EcDev Journal

The Toronto Region Sustainability Program: Improving Environmental Performance

Posted on Wednesday December 17, 2003

By Jennifer Tidmarsh

ECONOMIC DEVELOPMENT OFFICERS in Vaughan, Ontario, have a new tool to help make industry more competitive, more sustainable, and more profitable. The Toronto Region Sustainability Program is available to help Vaughan small-to-medium sized (SME) manufacturers reduce their costs while improving their environmental performance.

The Toronto Region Sustainability Program offers companies, with fewer than 500 employees, funding assistance to have a pre-qualified consultant conduct a pollution prevention assessment of their facility. This assessment identifies opportunities for reducing costs and improving efficiencies by reducing or eliminating toxic pollutants, sewer discharges, and hazardous waste and Smog emissions. In this way a company can reduce potential liability, preserve capital asset value and demonstrate due diligence while meeting pollution prevention planning requirements. In addition, a company undertaking this kind of work may eliminate the need to report to the National Pollutant Release Inventory, the Ontario Air Emission Regulation 127 and the Ontario Hazardous Waste Information Management system (HWIN).

The City of Vaughan, like all municipalities is a growing area. In recent years its population has increased 37% between 1996-2001, and the city is one of the fastest-growing communities in Ontario (Ecolog Weekly, Vol. 31, No.44). To solve the increasing impacts of pollution and waste generation that accompanies this kind of growth, municipalities are observing Toronto and are moving toward the pollution prevention planning approach.

The City of Toronto is the first municipality in Canada to incorporate pollution prevention planning requirements into its Sewer Use By-law. Eleven metals and twenty-seven organic compounds/ group of compounds are addressed in the By-law. The By-law requires the companies that discharge these chemicals to submit detailed pollution prevention plan every six years as well as a Pollution Prevention plan summary every two years. 

For the past two years, the Toronto Region Sustainability Program has helped SME manufacturers in Toronto to develop their pollution prevention plans. As of November 2003, the Toronto Region Sustainability Program has reduced almost 400 tonnes of VOCs, 2.5 tonnes of particulate matter, and 12 tonnes of other greenhouse gases.
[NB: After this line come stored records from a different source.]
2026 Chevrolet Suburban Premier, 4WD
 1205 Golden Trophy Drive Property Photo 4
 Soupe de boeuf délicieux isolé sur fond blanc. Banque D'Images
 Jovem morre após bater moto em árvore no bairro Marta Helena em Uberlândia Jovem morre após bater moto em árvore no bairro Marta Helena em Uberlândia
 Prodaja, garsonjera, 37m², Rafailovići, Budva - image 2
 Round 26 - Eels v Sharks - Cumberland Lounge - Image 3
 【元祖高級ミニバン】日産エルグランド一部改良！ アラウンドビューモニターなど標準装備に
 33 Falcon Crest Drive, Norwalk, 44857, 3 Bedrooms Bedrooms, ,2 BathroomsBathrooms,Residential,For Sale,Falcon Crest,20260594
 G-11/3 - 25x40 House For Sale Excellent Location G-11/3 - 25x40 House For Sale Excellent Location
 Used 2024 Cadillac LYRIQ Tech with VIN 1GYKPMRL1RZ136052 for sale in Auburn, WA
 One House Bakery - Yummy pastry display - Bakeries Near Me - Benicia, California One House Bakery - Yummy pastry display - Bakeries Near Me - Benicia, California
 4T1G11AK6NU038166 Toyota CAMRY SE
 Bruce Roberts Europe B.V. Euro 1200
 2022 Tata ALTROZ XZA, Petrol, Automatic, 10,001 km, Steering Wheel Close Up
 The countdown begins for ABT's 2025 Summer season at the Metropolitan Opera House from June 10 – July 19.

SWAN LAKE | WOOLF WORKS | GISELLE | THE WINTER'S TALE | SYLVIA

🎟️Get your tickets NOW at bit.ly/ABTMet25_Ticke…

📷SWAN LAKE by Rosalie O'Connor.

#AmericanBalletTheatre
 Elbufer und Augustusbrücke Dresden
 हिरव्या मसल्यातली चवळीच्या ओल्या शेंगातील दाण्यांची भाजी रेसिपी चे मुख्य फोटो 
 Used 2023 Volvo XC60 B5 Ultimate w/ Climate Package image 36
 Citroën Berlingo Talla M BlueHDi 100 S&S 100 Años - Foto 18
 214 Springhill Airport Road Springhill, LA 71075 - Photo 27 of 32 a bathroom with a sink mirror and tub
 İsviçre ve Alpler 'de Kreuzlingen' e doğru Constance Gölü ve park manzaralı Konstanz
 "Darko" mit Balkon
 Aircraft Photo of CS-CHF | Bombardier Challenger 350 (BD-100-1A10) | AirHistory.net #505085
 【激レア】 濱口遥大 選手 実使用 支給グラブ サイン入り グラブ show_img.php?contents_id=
Apart from reductions in air emissions, there has also been a reduction of 370 kilograms of metals and 30 tonnes of toxics. Companies have also saved over 15 thousand tonnes of water. In addition to the environmental benefits, clients have also realized a combined $1.5 million in savings and a return on their investment of less than one year.

Given the tremendous success shown with participating companies in the City of Toronto, the program is now being extended to companies in the Toronto Region: Mississauga, Brampton, Vaughan, Markham, Richmond Hill and Pickering. This means that companies having a 905 area code are now eligible as well to participate in the Toronto Region Sustainability Program and take advantage of the financial support available to have a comprehensive pollution prevention assessment completed for their facilities.

A targeted marketing campaign has been launched to promote this opportunity in these areas. While the City of Toronto was the first municipality to put in place the new sewer use By-law requiring companies discharging subject pollutants to the sewer to submit a pollution prevention plan, other municipalities will likely follow suit in the near future. This is an opportunity therefore, for these companies to prepare for the future while continuing to comply with all other federal and provincial regulations that they are subject to anyway.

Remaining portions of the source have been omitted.